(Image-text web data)
=== Section Start ===
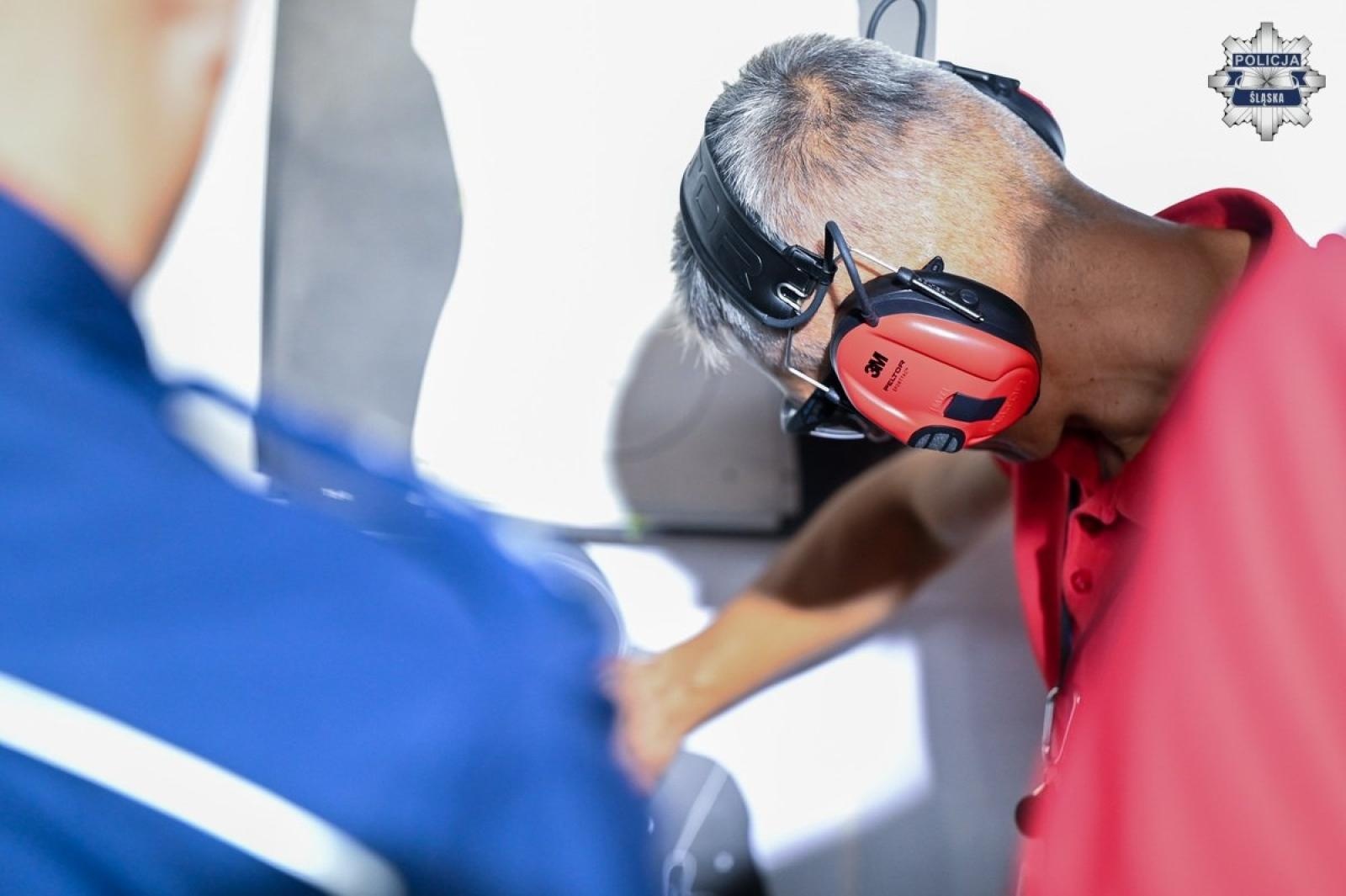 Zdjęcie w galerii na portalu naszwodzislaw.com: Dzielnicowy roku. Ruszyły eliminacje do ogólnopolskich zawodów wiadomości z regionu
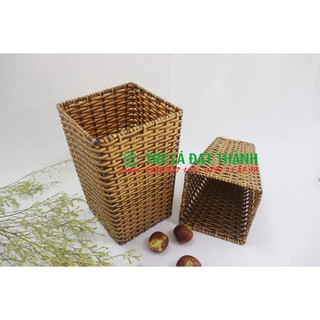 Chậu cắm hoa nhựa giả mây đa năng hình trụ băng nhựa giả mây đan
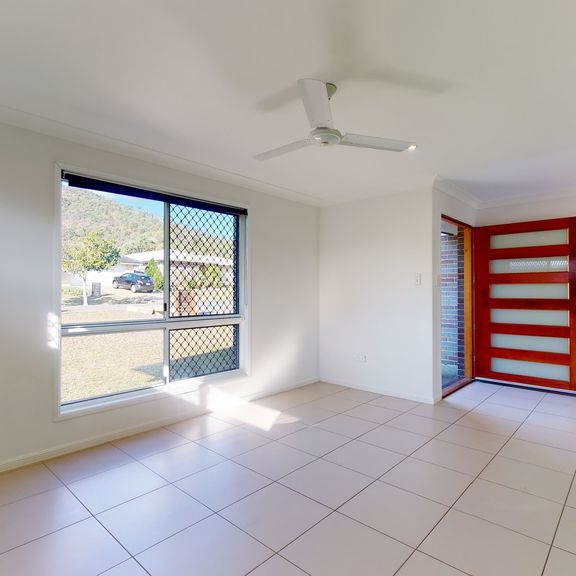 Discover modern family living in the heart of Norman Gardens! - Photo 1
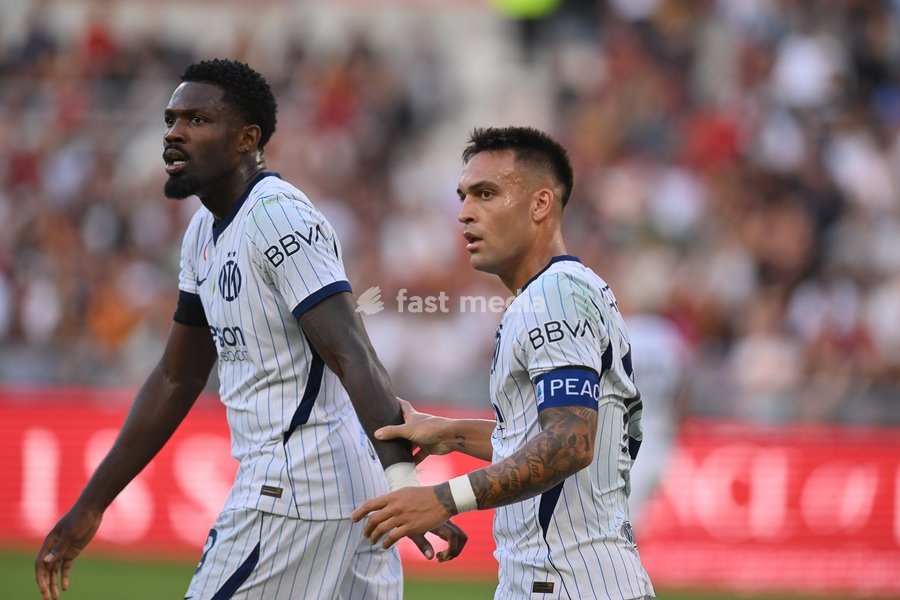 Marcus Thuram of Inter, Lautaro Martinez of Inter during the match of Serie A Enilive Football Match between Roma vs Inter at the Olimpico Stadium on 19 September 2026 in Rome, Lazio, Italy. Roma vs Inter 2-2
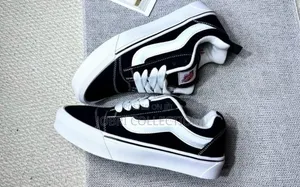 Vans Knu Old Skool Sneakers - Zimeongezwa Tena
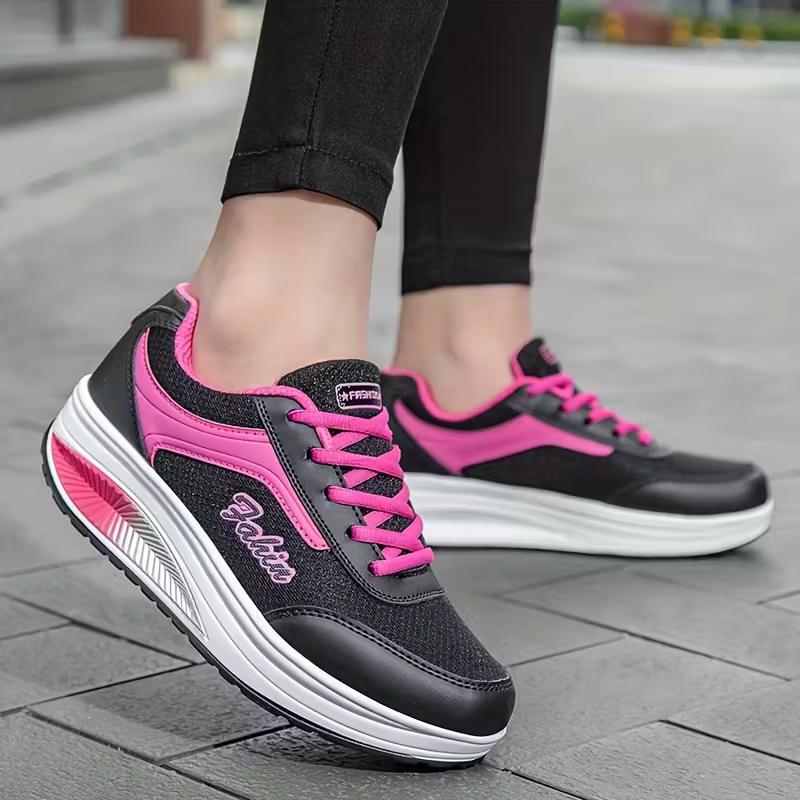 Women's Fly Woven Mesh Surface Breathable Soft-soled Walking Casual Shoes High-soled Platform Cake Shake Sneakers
=== Section End ===
• **Exercise directions**: Output the data above in full. Skip every picture.

• **Task result**:
 Zdjęcie w galerii na portalu naszwodzislaw.com: Dzielnicowy roku. Ruszyły eliminacje do ogólnopolskich zawodów wiadomości z regionu
 Chậu cắm hoa nhựa giả mây đa năng hình trụ băng nhựa giả mây đan
 Discover modern family living in the heart of Norman Gardens! - Photo 1
 Marcus Thuram of Inter, Lautaro Martinez of Inter during the match of Serie A Enilive Football Match between Roma vs Inter at the Olimpico Stadium on 19 September 2026 in Rome, Lazio, Italy. Roma vs Inter 2-2
 Vans Knu Old Skool Sneakers - Zimeongezwa Tena
 Women's Fly Woven Mesh Surface Breathable Soft-soled Walking Casual Shoes High-soled Platform Cake Shake Sneakers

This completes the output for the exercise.